Capitalism does not succeed in creating impersonal markets, The personal relations are just disguised, so as not to appear as part of the actual market. Consider advertising for example, it's nothing but a personal appeal. This we call marketing.
The closest capitalism gets to an impersonal market is the stock market. But here the only goods being exchanged is the capital itself, being marketed for a return on investment. The appeal is the appeal of easy-money which requires no advertising.
It appears like the only way to escape personal relations in the market is to market something which is not a true "good" in the first place, easy-money. Or is it the case that goods which require marketing are not true goods, because they won't sell without advertising, and the only true good is the one which everyone desires (easy-money) without the need for advertising?
So, starting from the top (i.m blanking on who started this thread), here's a question. Where is the capital in this definition of capitalism? By capital, I mean resources or money which are employed in order to purchase the materials for the production of commodities (raw materials, tools) and labour, commodities being items being produced to be sold on the market at a profit (hopefully, for the seller). This doesn't seem to be in the definition above, but if we don't have this, we can't distinguish between capitalism, and some kind of society where everyone is self-employed.
This is what we get in Marx, and other classical economists. Now I don't want to say other economists aren't available, but this is what I'm most familiar with at least.
We need to get the basics right before going off into what kind of effects these economies have on people, where they come from historically, and so on.
Also - command economies aren't market economies. There is a whole - very famous - economic debate about whether central planning can compete with the market in terms of information distributions between the producers, with Friedrich Hayek, Von Mises etc. on one side, and Oskar Lange and others on the other. Check out the wikipedia entry on "Economic Calculation Problem"
I don't want to bicker on the details of how things work; it's not a field I deem myself to be sufficiently knowledgeable about.
But I am curious to know if you disagree with the overall conclusion that current markets by and large select for short-sighted / short-term interests at the expense of long-sighted / long-term interests.
The gas prices of tomorrow verses the global economic insecurity of global warming as one, granted simplistic, example.
For purposes of expediency, let's stick to the description below that Streetlight provided, see quote below. I'm cool with it. So, if that is so, then capitalism and other economic systems do necessarily form impersonal markets. Not to be confused with market economy whose umbilical cord is tied to capitalism. As you can see, the latter is a special term given to describe what happens in capitalism.
Quoting Streetlight
Quoting RolandTyme
I don't know if you're directing this to my post. But my response to this is, at the moment I can't entertain inchoate comments as this thread has too many important points and already several pages long.

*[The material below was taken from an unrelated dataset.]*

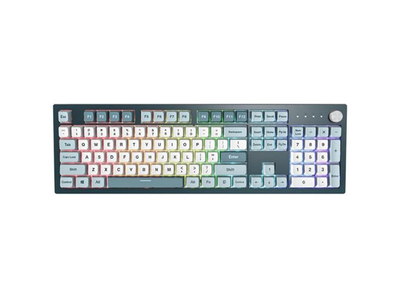 Клавіатура Montech MKey Freedom GateronG Pro 2.0 Red Switch (MK105FR)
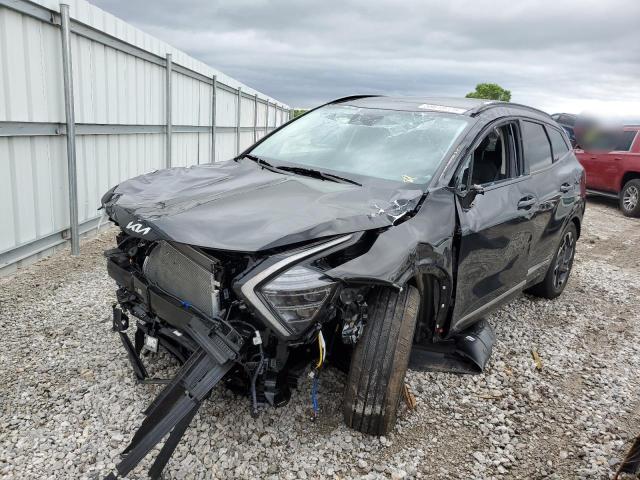 2025 KIA SPORTAGE S - 5XYK53DF1SG249673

Two things. First, and least important - it is a mistake to conflate command economies with 'socialist economic systems'. This is a caricature, one often pushed by Americans for whom state control counts as the antithesis of capitalism. It is not. But this is a minor point. In any case capitalist economies are shot through from top to bottom with 'planning', albeit planning for the sake of profits, rather than anything else.
Second and far more important: a command economy is the opposite of impersonal exchange: it thoroughly personalizes (or rather, socializes) a market such that exchange in a command economy are precisely not spot exchanges. Market 'control' by a central state means precisely that such markets are anything but impersonal, and that exchanges under such conditions are embedded in social and political relations which dictate them from without. So it is wrong to say, as you have, that impersonal markets are features of command economies. I don't say this in any kind of defence of command economies. But it does point to a misunderstanding of either impersonal exchange, or command economies on your part.
Capital is precisely what orients production towards the market: it is that which takes control of production. As I said in a further post in this thread:
Or, since you asked for a reference:
[quote=Anievas and Nisancioglu, How The West Came To Rule]"We suggest a useful distinction can be made between capital as a ‘simple’ transmodal social relation and the historically specific capitalist mode of production. Or put more simply, a distinction must be made between ‘capital’ and ‘capitalism’. While capital – as we have seen – refers to a social relation defined by the relation between capital and wage-labour, capitalism refers to a broader configuration (or totality) of social relations oriented around the systematic reproduction of the capital relation, but irreducible – either historically or logically – to the capital relation itself.
...These broader relations of power oriented around the systematic reproduction of the capital relation enable us to distinguish between ‘antediluvian forms’ of capital from the historically specific epoch of capitalism. In antediluvian forms, the capital relation was reproduced within a broader configuration of relations that pertained to non-capitalist modes of production. As such, antediluvian capital was subordinated to the non-capitalist social relations within which it existed, and could not posit itself as the condition of its own reproduction: that is, as self-valorising capital."[/quote]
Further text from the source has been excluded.